Taqa, operators of the Cormorant Alpha platform where the oil leak was discovered on Monday, had closed the Brent pipeline as a precaution.
The firm said the process of restoring the flow of 80,000 barrels of oil per day was under way.
Work is also taking place to stop the leak inside one of the platform's legs.
Taqa removed non-essential workers from the Cormorant Alpha, about 94 miles from Lerwick in Shetland, as a precaution and said the leak had been contained.
Shutting down the platform affected the whole Brent pipeline system as the platform is a crucial pumping station.
It is understood the Brent pipeline system could no longer operate and eight other platforms servicing up to 27 oil fields were shut down.
These were the Dunlin, Thistle, Northern Producer, Murchison, North Alwyn, Tern, Eider and North Cormorant platforms.
Oil and Gas UK - the offshore industry body - said oil transported through the Brent pipeline system represented 10% of the UK's North Sea oil production.
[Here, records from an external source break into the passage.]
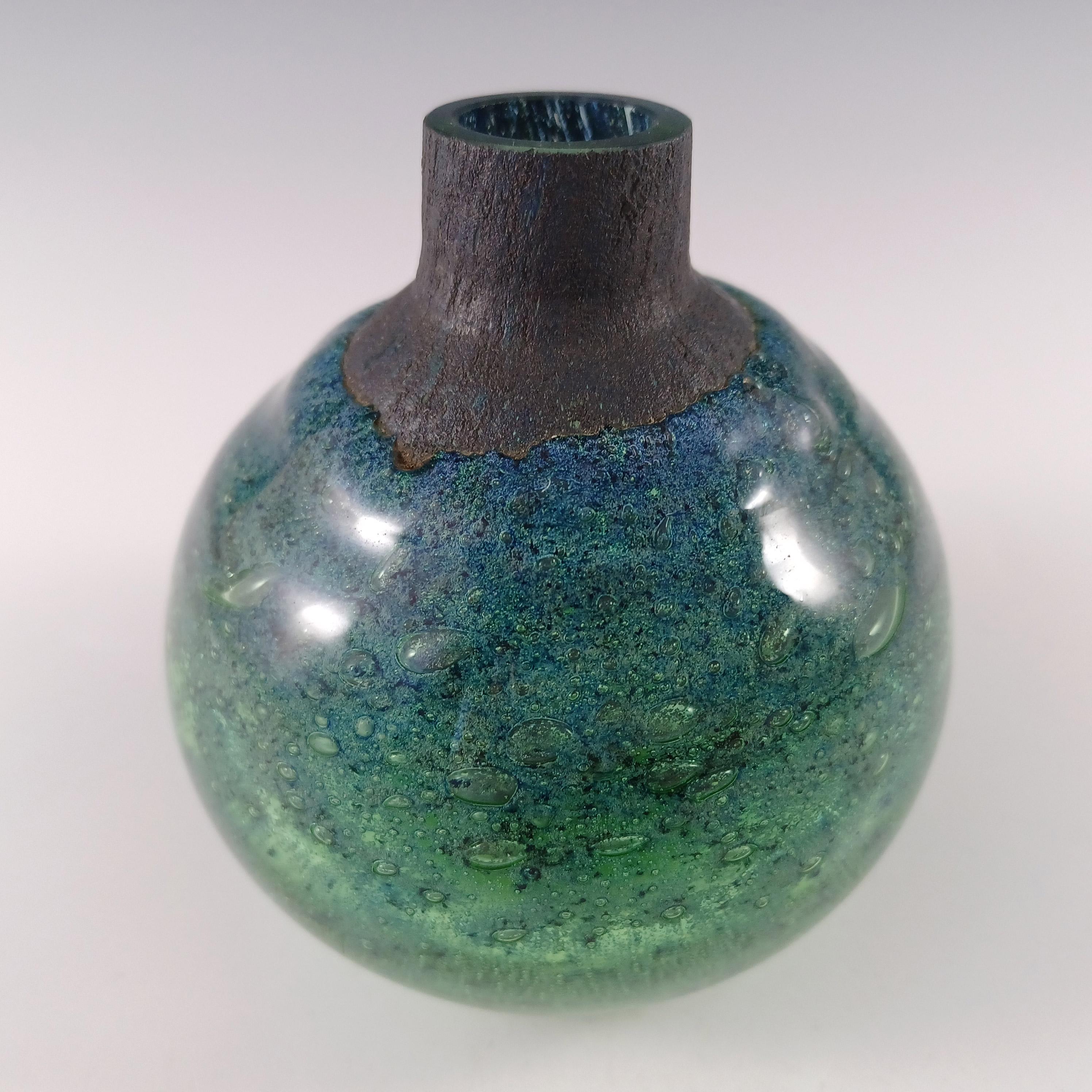 Norvegese Vaso di vetro con bollicine norvegesi Randsfjord di Benny Motzfeldt in vendita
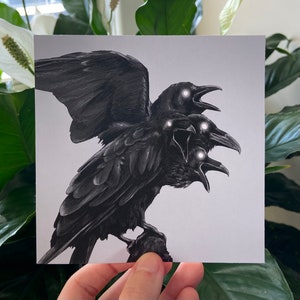 Four-Headed Raven Art Print - Creepy Gothic Horror Wall Art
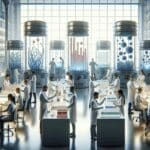 Primer plano de un laboratorio tecnológico con biorreactores y científicos analizando cultivos.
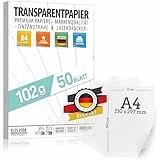 50 Blatt Blatt Transparentpapier bedruckbar DIN A4 PREMIUM 102g zum selber Bedrucken, Basteln Laternenpapier – Abpauspapier – Pauspapier, Tischkarten und Laternen selber basteln aus deutschland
A Taqa spokesperson said: "Investigations have found there is no connection between the Brent pipeline system and the pipeline involved in the release.
"The process of restarting Brent throughput follows a thorough technical evaluation that shows it is safe to do so without any increased risk to Cormorant Alpha.
"The hydrocarbons released are contained within the platform leg and none have been released into the environment."
Enterprise Minister Fergus Ewing said: "The Scottish government, including Marine Scotland, are monitoring this situation closely."